(Collection entries)
=======

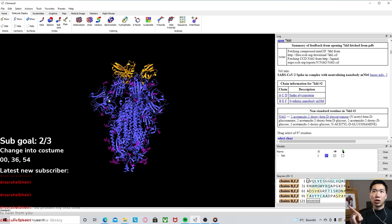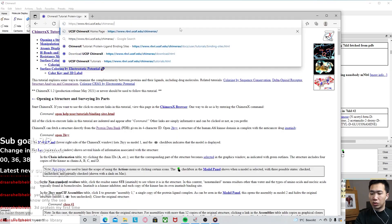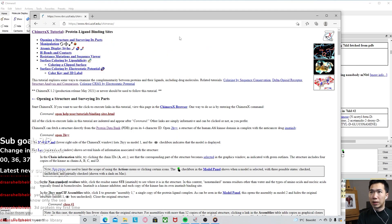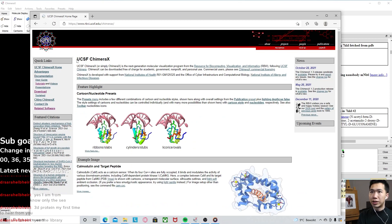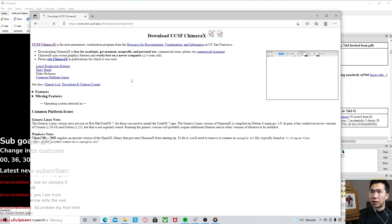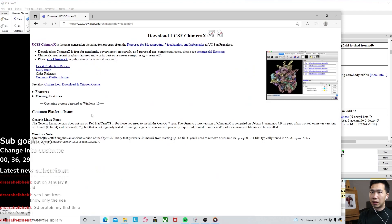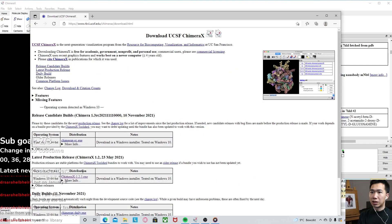If you haven't downloaded ChimeraX, you can go to this website, SF ChimeraX, and then go to download. Then you can download this software for free.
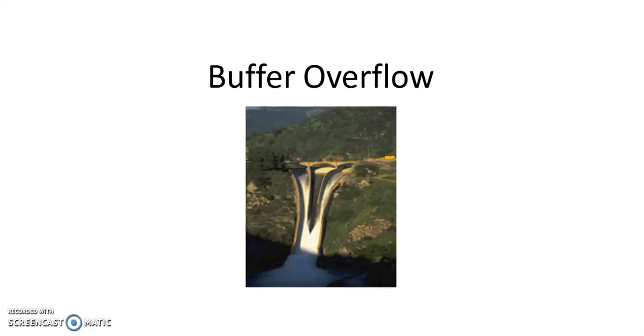Welcome to tutorial on Buffer Overflow. Let us first understand what Buffer Overflow is.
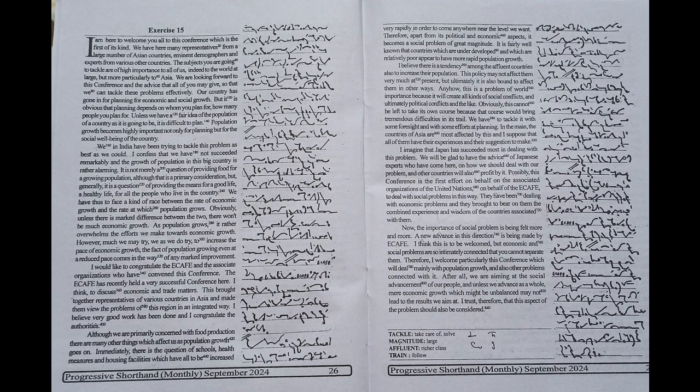However much we may try to increase the pace of economic growth, the fact of population growing even at a reduced pace comes in the way of any marked improvement.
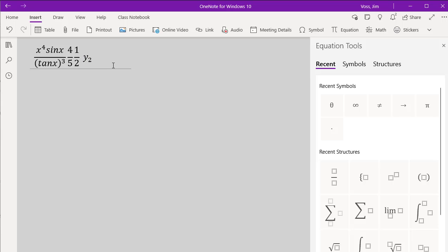So some basics on using the built-in equation editor. It's pretty slick, pretty easy to use. And hopefully that works for you.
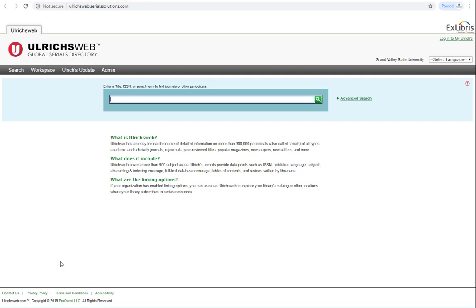You can search by journal title, ISSN number, search term, or perform a more in-depth advanced search. Many students will simply search the article title, so let's see how this works.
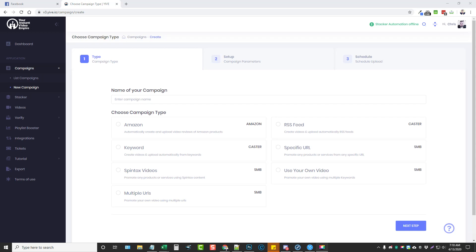Hey, this is Chris with vidsociety.com. Today I want to show you one of my favorite parts about using Yive. If you're not familiar with what Yive is, I'll put the link below this video. I have a full demo and review going through the entire platform showing you what it is and how it works.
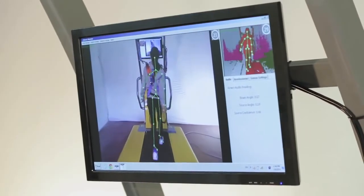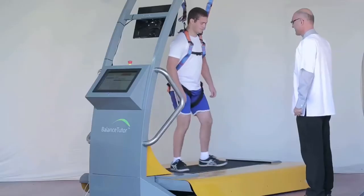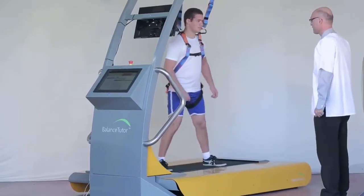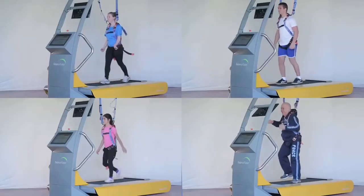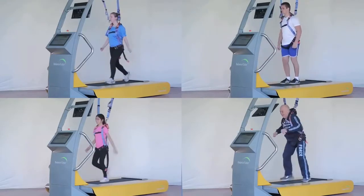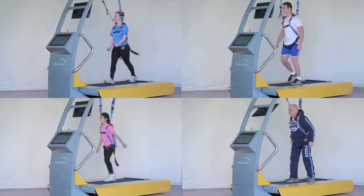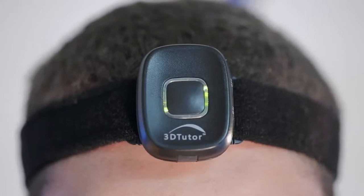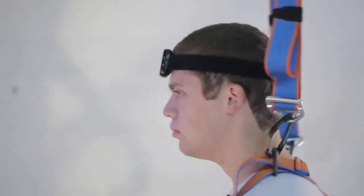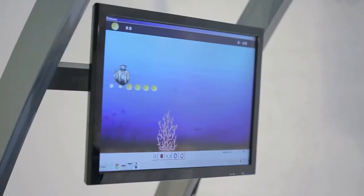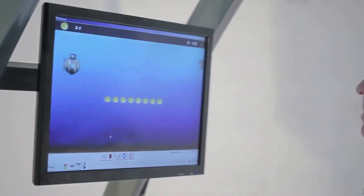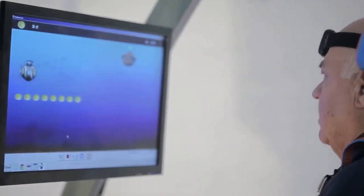In addition to the direction of displacement, the speed and dosage of perturbation can be customized to the patient's ability and rehabilitation needs. Movement biofeedback and instructions on functional body position can also be provided during training. The patient is therefore challenged during training while standing, walking, and even running.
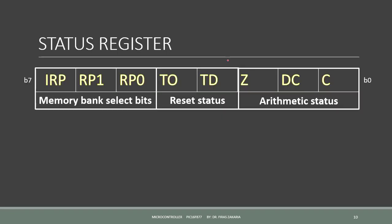The status register is an 8-bit register. We have 8 bits here. It's like all other registers. This register contains arithmetic status, the C, DC, and Z bits. It contains also a reset status, the TD and TO bits, in addition to a memory bank select bits, which are the RP0, RP1, and IRP.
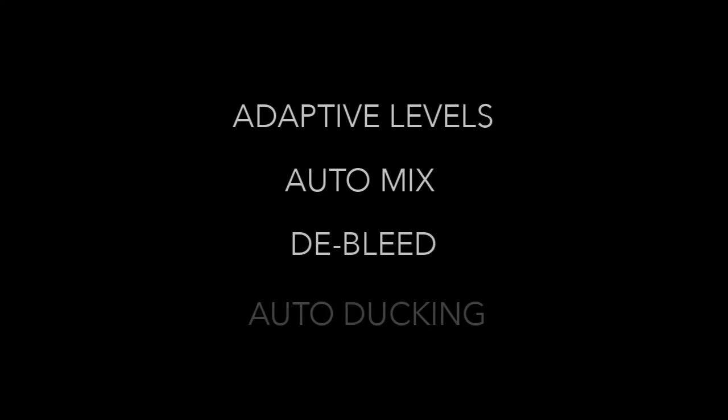The feature that we're going to be looking at today is called Magic Levels. It can do multiple things with a single click: Adaptive Levels, Automix, D-bleed, and even Auto-ducking.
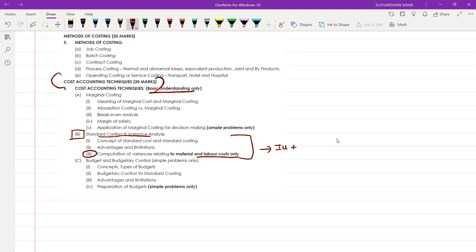For this, you will do the illustration questions from paper eight. Along with this, you also have paper ten, which is CFM. Under CFM, the same standard costing is there. You will also do those extra illustrations regarding standard costing and variance analysis. Next, we'll come back to marginal costing — that's your first part.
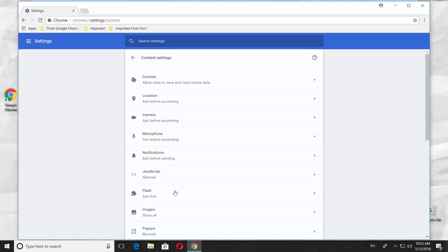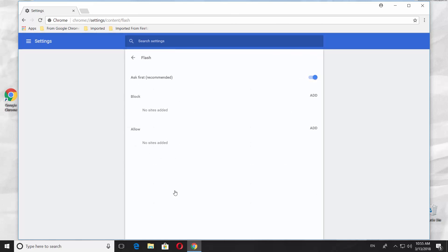Select Flash from the list. To disable Flash Player, turn the switch off next to Ask First. To enable Flash Player, turn the switch ON next to Block sites from running Flash.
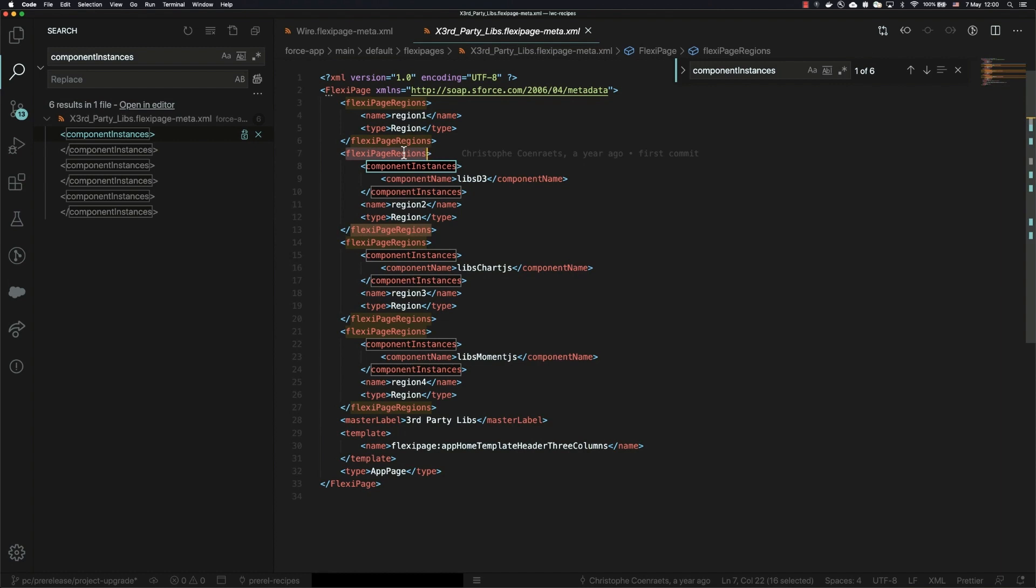So what we need to do is adjust that based on the new metadata structure that is coming out in Summer 20.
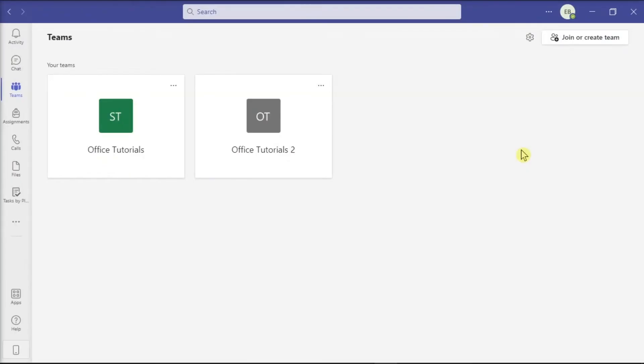In just one application, Microsoft Teams is a collaboration application built for hybrid work so you and your team can stay informed, organized, and connected.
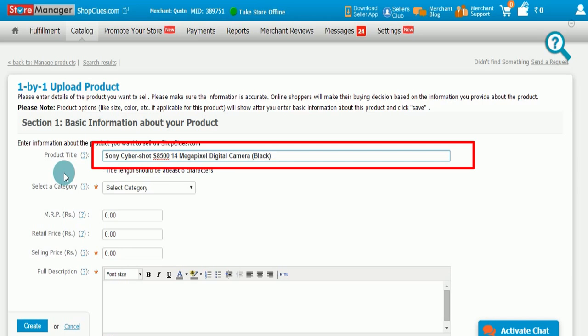As you can see, Sony is the name of the brand here, Cybershot is the name of the product series, S8500 is the product model number, 14MP is the key feature, digital camera is the product and the color is black.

=======

Retype only the lines above from the one with "In just one" through the last, both ends included, keeping every picture out of the copy.

In just one application, Microsoft Teams is a collaboration application built for hybrid work so you and your team can stay informed, organized, and connected.
As you can see, Sony is the name of the brand here, Cybershot is the name of the product series, S8500 is the product model number, 14MP is the key feature, digital camera is the product and the color is black.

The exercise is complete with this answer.